Dataset successfully split into train, val, and test sets.


Data Preprocessing

In [None]:
import os
import shutil
from sklearn.model_selection import train_test_split

# Path to the dataset
dataset_dir = r"C:\Users\kiezi\bloomsight-flowers\dataset\flowers"

# Create train, val, and test directories
train_dir = r"C:\Users\kiezi\bloomsight-flowers\second_ouput\train"
val_dir = r"C:\Users\kiezi\bloomsight-flowers\second_ouput\val"
test_dir = r"C:\Users\kiezi\bloomsight-flowers\second_ouput\test"

# Create the directories if they don't exist
os.makedirs(train_dir, exist_ok=True)
os.makedirs(val_dir, exist_ok=True)
os.makedirs(test_dir, exist_ok=True)

# Get the list of class directories
class_dirs = [d for d in os.listdir(dataset_dir) if os.path.isdir(os.path.join(dataset_dir, d))]

# Split data for each class
for class_dir in class_dirs:
    class_path = os.path.join(dataset_dir, class_dir)
    
    # Get the list of image files in each class
    class_images = [f for f in os.listdir(class_path) if os.path.isfile(os.path.join(class_path, f))]
    
    # Split the data into training, validation, and test sets (80% train, 10% val, 10% test)
    train_images, temp_images = train_test_split(class_images, test_size=0.2, random_state=42)
    val_images, test_images = train_test_split(temp_images, test_size=0.5, random_state=42)
    
    # Define function to move images to the appropriate directories
    def move_images(image_list, target_dir):
        for image in image_list:
            # Create class directory if it doesn't exist
            class_dir_path = os.path.join(target_dir, class_dir)
            if not os.path.exists(class_dir_path):
                os.makedirs(class_dir_path)
            
            # Move image to the appropriate class folder
            shutil.move(os.path.join(class_path, image), os.path.join(class_dir_path, image))

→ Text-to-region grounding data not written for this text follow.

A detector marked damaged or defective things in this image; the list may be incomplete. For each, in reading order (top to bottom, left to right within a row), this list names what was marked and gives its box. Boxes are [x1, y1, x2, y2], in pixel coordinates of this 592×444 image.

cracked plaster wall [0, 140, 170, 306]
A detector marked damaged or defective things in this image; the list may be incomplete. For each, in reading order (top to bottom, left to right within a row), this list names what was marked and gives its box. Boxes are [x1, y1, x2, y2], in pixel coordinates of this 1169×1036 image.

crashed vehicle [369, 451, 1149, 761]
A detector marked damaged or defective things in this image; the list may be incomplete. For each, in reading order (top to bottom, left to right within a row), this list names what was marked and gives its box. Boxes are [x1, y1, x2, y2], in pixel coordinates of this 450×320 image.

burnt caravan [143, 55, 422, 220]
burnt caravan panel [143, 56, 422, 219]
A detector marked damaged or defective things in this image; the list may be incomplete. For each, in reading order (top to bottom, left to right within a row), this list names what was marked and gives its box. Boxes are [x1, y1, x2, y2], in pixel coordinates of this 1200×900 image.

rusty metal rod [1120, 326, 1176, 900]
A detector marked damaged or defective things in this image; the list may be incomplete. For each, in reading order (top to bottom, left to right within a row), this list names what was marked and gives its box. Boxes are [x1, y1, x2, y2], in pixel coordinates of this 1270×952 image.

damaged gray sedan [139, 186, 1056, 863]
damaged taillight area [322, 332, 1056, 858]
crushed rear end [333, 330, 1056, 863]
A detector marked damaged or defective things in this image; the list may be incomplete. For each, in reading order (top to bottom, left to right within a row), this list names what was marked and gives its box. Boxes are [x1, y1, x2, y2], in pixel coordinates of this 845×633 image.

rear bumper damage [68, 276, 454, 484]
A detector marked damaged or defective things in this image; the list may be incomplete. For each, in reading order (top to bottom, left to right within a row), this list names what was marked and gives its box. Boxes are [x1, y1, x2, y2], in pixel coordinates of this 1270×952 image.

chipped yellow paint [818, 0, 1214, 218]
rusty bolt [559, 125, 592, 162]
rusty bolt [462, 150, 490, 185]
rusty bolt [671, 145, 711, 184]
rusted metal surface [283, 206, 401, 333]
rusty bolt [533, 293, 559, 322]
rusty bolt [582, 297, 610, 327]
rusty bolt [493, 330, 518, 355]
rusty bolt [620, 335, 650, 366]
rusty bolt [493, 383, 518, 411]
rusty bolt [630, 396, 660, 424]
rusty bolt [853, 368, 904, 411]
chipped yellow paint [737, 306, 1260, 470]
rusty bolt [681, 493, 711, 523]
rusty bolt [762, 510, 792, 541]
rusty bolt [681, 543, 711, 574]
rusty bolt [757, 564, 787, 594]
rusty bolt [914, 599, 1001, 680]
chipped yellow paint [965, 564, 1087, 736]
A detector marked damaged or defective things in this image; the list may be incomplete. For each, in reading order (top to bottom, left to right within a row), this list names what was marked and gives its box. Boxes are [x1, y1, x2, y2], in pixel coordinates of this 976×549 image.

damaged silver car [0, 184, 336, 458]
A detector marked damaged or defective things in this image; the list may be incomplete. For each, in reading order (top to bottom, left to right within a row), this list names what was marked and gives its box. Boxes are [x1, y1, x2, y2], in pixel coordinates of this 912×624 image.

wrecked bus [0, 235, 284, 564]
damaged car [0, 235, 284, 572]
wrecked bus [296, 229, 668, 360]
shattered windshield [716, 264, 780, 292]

    # Move the images to their respective directories
    move_images(train_images, train_dir)
    move_images(val_images, val_dir)
    move_images(test_images, test_dir)

print("Dataset successfully split and moved to train, val, and test directories.")


Dataset successfully split and moved to train, val, and test directories.


Merging Dataset

In [10]:
import os
import shutil
from pathlib import Path

# Paths to the two datasets to merge
dataset1_path = r"C:\Users\kiezi\bloomsight-flowers\final_dataset"
dataset2_path = r"C:\Users\kiezi\bloomsight-flowers\Flower_Classification"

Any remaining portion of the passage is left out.